Police et armée font front commun
Source / 27 octobre 2017
 
Le Conseil des délégués du syndicat commun SPFP a permis à la police et à l'armée d'afficher leur unité infaillible. De nombreux défis existent.


© Photo : archives lq

«Il ne faut pas fermer les yeux et se sentir trop sûr sur notre île qu'est le Luxembourg», met en garde Christian Schleck.
«On lutte contre un ennemi invisible (...) dans cette guerre moderne que représente le terrorisme.»

Le Syndicat professionnel de la force publique (SPFP) a envoyé hier soir un message clair à la politique. Il n'est pas question de continuer à diviser les deux corps. En ces temps de menace terroriste, il serait plus que jamais nécessaire de rendre à nouveau les carrières de policier et de soldat plus attractives. Bien des incohérences existent encore cependant.

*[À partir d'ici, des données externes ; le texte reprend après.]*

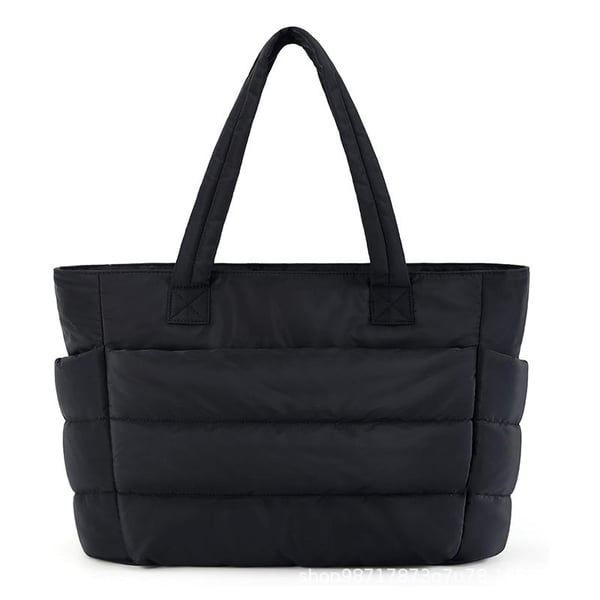 Bolso Tote - Ligero y acolchado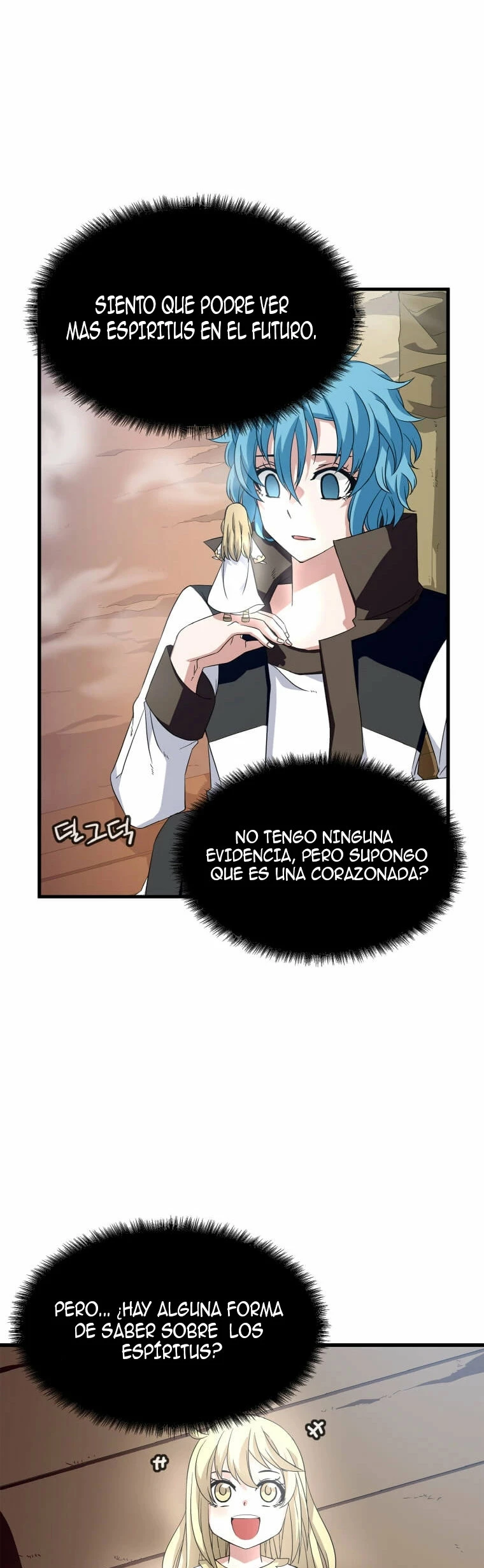 El Regreso del Señor Elemental capítulo 5 página 3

Du Journaliste "LeQuotidien" David Marques

Ces derniers mois et ces dernières années, la police aussi bien que l'armée font face à de nombreux changements. Deux réformes majeures sont en effet en cours, qui vont bien au-delà d'une nouvelle identité visuelle. Les défis, mais également les incohérences, ne manquent pas et les responsables syndicaux du SPFP l'ont bien rappelé hier soir, au centre Prince-Henri, à Walferdange.
Pour imposer leurs revendications, police et armée ont décidé de faire front commun. «Notre objectif est de renforcer à nouveau l'unité entre les deux corps. On s'est quelque peu éloignés les uns des autres ces dernières années et on ne dispose plus de la même valeur aux yeux de la politique. Cela va changer », a clamé Christian Schleck, vice-président du SPFP et président du Syndicat professionnel de l'armée luxembourgeoise (SPAL).

Le gouvernement visé

«Les interactions qui existent depuis toujours doivent être maintenues. On ne va pas permettre une division», a complété Pascal Ricquier, président sortant du SPFP et président du Syndicat national de la police grand-ducale (SNPGL).
Les deux syndicalistes ont tiré à boulets rouges en direction du ministre de la Sécurité intérieure, Étienne Schneider, de sa secrétaire d'État, Francine Closener, mais aussi du ministre de la Fonction publique, Dan Kersch. De multiples appels ont été lancés aux députés présents pour qu'ils restent à l'écoute des doléances du syndicat de la force publique. Aussi bien les représentants du personnel de l'armée que de la police se sont dits prêts à agir ensemble pour assurer la sécurité des citoyens du pays. «Il ne faut pas fermer les yeux et se sentir trop sûr sur notre île qu'est le Luxembourg», met en garde Christian Schleck. «On lutte contre un ennemi invisible. Il faut trouver une solution pour lutter dans cette guerre moderne que représente le terrorisme», ajoute Pascal Ricquier. Pour être prêt le jour J, et aussi assurer toutes les autres missions qui leur incombent, les policiers et les soldats ne demandent rien d'autre que des moyens suffisants, mis à leur disposition par le camp politique. Le problème le plus récurrent reste le recrutement.

Le recrutement à revoir

Le SPFP compte soumettre toute une série de propositions à son ministre de tutelle pour rendre les carrières au sein de la police et de l'armée plus attractives. «On a à nouveau besoin de plus de débouchés attrayants à l'issue du service militaire. Mettre fin aux carrières prioritaires, réservées aux soldats sortants, a été une erreur majeure de la politique», dénonce Christian Schleck. Le président Pascal Ricquier a, lui, fait un pas de plus en revendiquant une section spécialisée dans les lycées pour préparer les élèves à leur service militaire ou à leur carrière de policier.
En attendant, des tensions continuent d'exister en ce qui concerne la mise en oeuvre des réformes de l'armée et de la police. Dans ce contexte, le projet de loi sur le statut disciplinaire reste un chantier majeur. Pascal Ricquier a une nouvelle fois dénoncé les «saloperies» que contient ce texte. Le SPFP ne compte pas rompre sur ces points. Il en va de même pour les logements de service, le traitement des stagiaires ou la gestion des heures supplémentaires. La fin de législature s'annonce chaude pour les ministres visés et plus particulièrement pour Étienne Schneider, qui a face à lui un camp syndical plus uni
que jamais.

Schleck prend la présidence

Conformément au principe de la tournante, Christian Schleck, le vice-président sortant, a pris hier soir la présidence du SPFP.
Le président sortant, Pascal Ricquier, occupera pour les douze mois à venir le poste de viceprésident.
Le SPFP représente plus de 3 000 membres de la force publique.